More relevant to the impact Stern has had on basketball would be a map that reveals audiences for the NBA spreading out from the U.S. to every corner of the world. That is something neither baseball nor American football would be able to accomplish.

Most of the NBA's annual $4 billion in revenues continues to be generated domestically. But the potential for growth exists in China, in South America, Europe, the southern hemisphere and beyond. And it didn't happen all by itself.

When Stern was hired as commissioner, he had no idea that the game could grow so quickly and to such faraway distances. At that time no one was envisioning the 1989 collapse of the Berlin Wall and the razing of the Iron Curtain that would bring an end to the Cold War. Markets would be flung open to basketball and other American industries just as the international basketball federation (FIBA) was inviting NBA professionals Michael Jordan, Magic Johnson and Larry Bird to play in the 1992 Olympic Games at Barcelona.

The NBA was able to pounce on these opportunities because Stern had been interested in creating dialog with basketball leaders from other parts of the world. Instead of looking down his nose at those who viewed basketball as a political vehicle rather than a business, he made friendships that would lead to partnerships.

Stern was a lawyer who became an entertainment mogul. When he initially joined the NBA as general counsel under commissioner Larry O'Brien in 1978, there was no speculation that the league would bloom to become a worldwide industry. A more likely outcome for the NBA at that time was bankruptcy, based on the futility of the league's business plan and the public antipathy for its players.

As the NBA grew around the popularity of its most charismatic stars, Stern was criticized for cheapening the sport in order to exploit the celebrity of his most talented players. In years to come, however, it may happen that Stern will be viewed in relative terms as a traditionalist. In his outgoing decade, after all, he took a hard line with suspensions for brawling players, he instituted a dress code for players, and just this season he has even cracked down on the time players spend shaking hands and hugging before they take the court -- all of it intended to help the players sell themselves to a larger audience.

The lesson of Stern's success is that the NBA has increased revenues by focusing on the entertainment, which enabled the games to be viewed ever more universally by audiences who cared less about the sport and more about the personalities. As the NBA seeks to build on the global foundation established by Stern, and to profit from new fans that haven't grown up in the culture of American basketball, the formula for Silver will be to continue to sell the NBA as something more than a traditional sports league. He will be building on what Stern created, and based on the choices to come, Stern's modifications to the NBA model may appear quaint by comparison.

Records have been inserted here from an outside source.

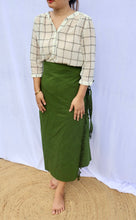 Load image into Gallery viewer, RUNWAY NAGALAND YOSHI MEKHALA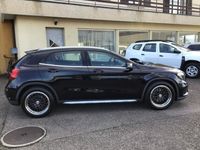 gebraucht Mercedes GLA250 AMG Line 4Matic 7G-DCT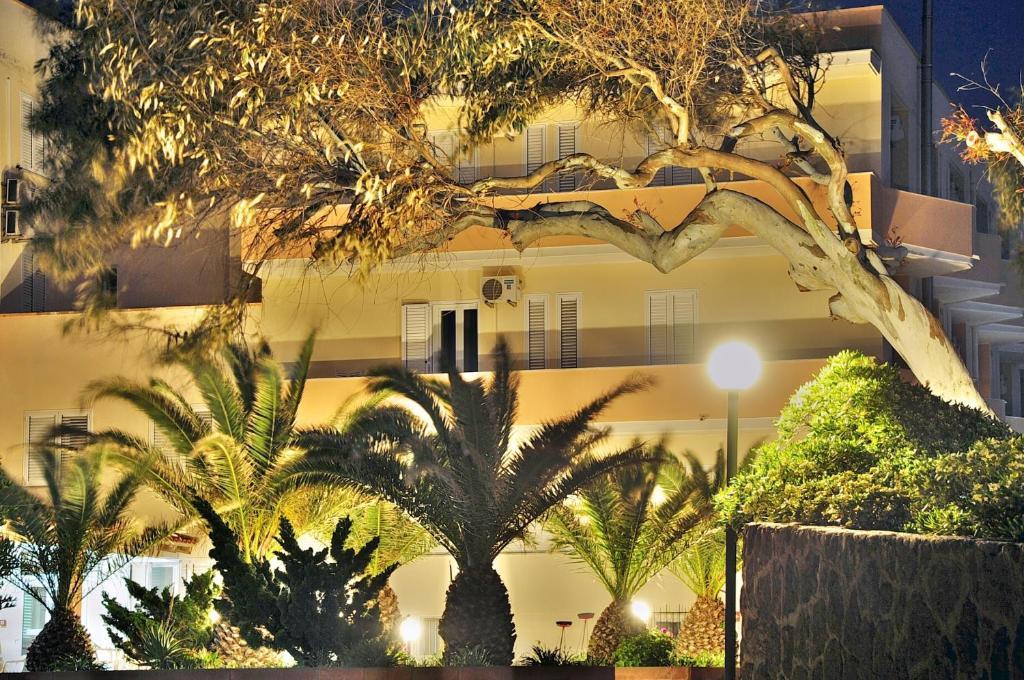 Hotel Castelsardo Domus Beach Exterior photo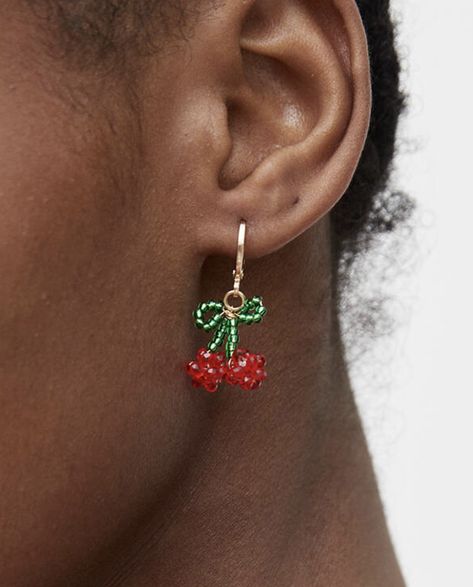 Fimo, Diy Aretes Aesthetic, Strawberry Beaded Earrings, Indian Inspired Jewelry, Diy Christmas Earrings, Metal Art Jewelry, Creative Necklace, Diy Friendship Bracelets Patterns, Funky Earrings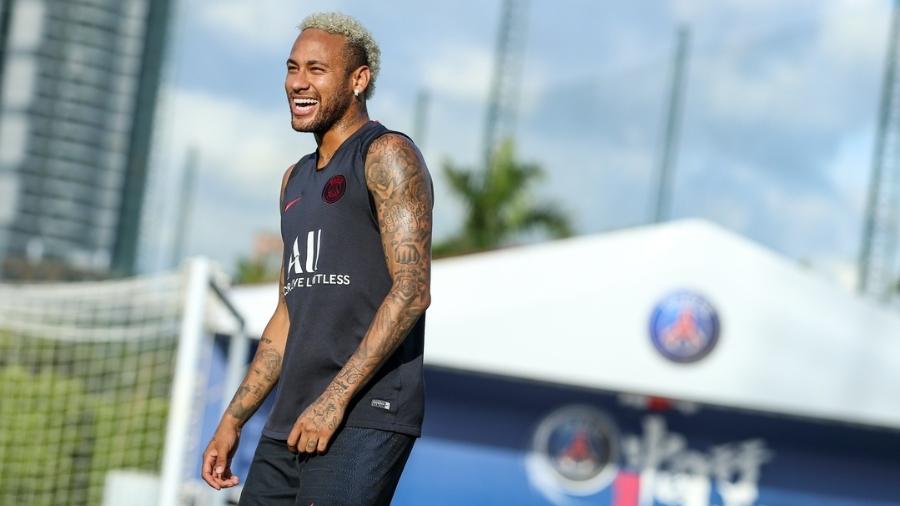 Neymar sorri durante treino do PSG - divulgação/site oficial de Neymar Jr.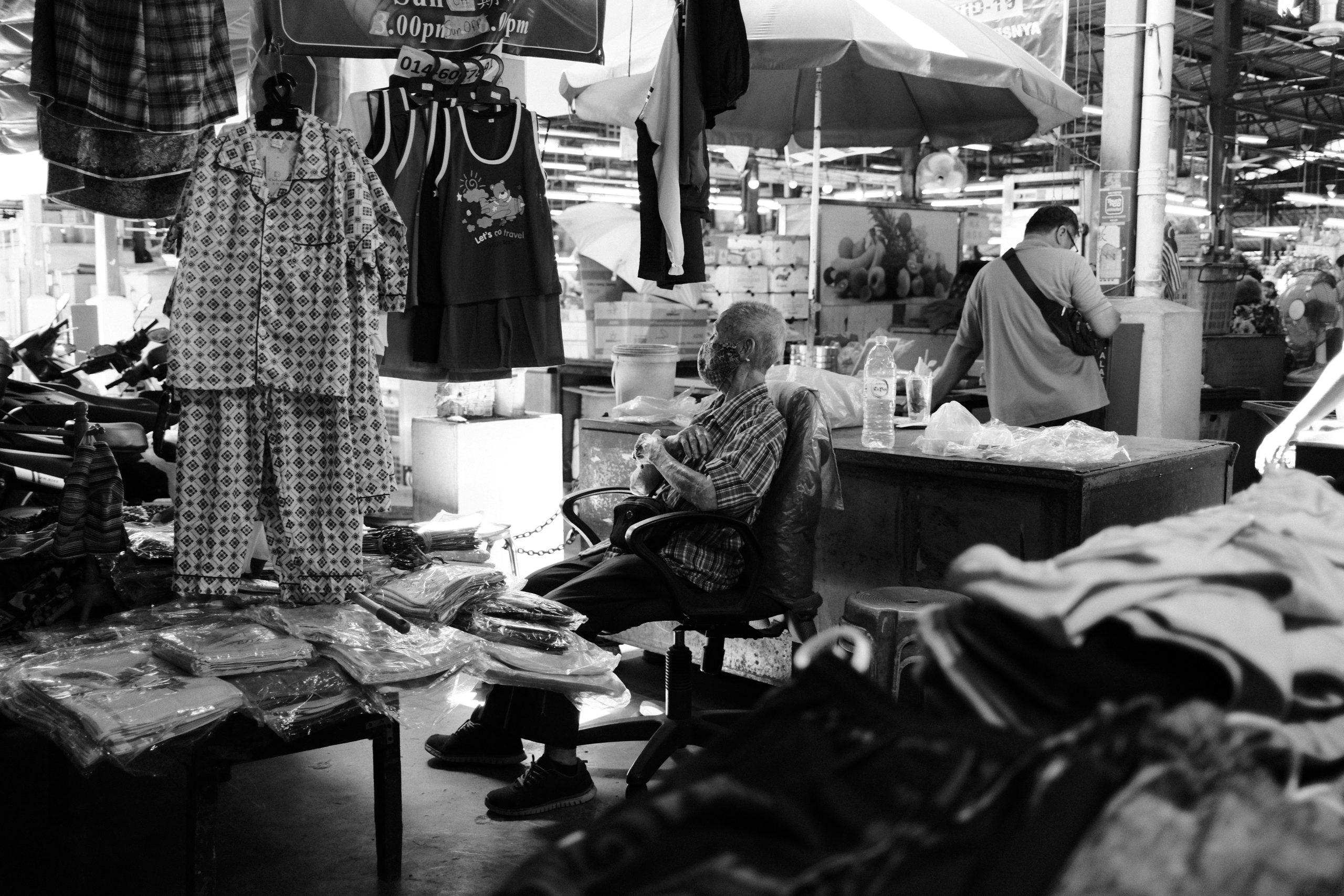 Understanding the Ethical Implications of Fast Fashion Practices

Three years ago, for example, I pressed Stern on the issue of legalized gambling on NBA games. My argument was that game-fixing remains more of a threat to the NBA so long as the games are wagered illegally through under-the-table bookmakers; legalized betting could also lead to new revenue streams and create a new audience for the NBA in much the same was as fantasy leagues and social media have created new platforms of interest.

To my surprise, Stern didn't shoot down the idea, and in so doing he distanced himself from all of the American sports commissioners who have been hired since the post was invented in 1920 for Kenesaw Mountain Landis to rescue baseball from the Black Sox scandal. "I'm going to leave the slate clean for my successor,'' Stern said in 2009. He smiled and added, "But, it's fair enough that we have moved to a point where that leap is a possibility, although that's not our current position.''

In other words, it is a world of opportunity that Stern passes onto Silver. The opportunities to come may be unexpected and controversial, which is to say that the legacy of Stern will endure long after his retirement.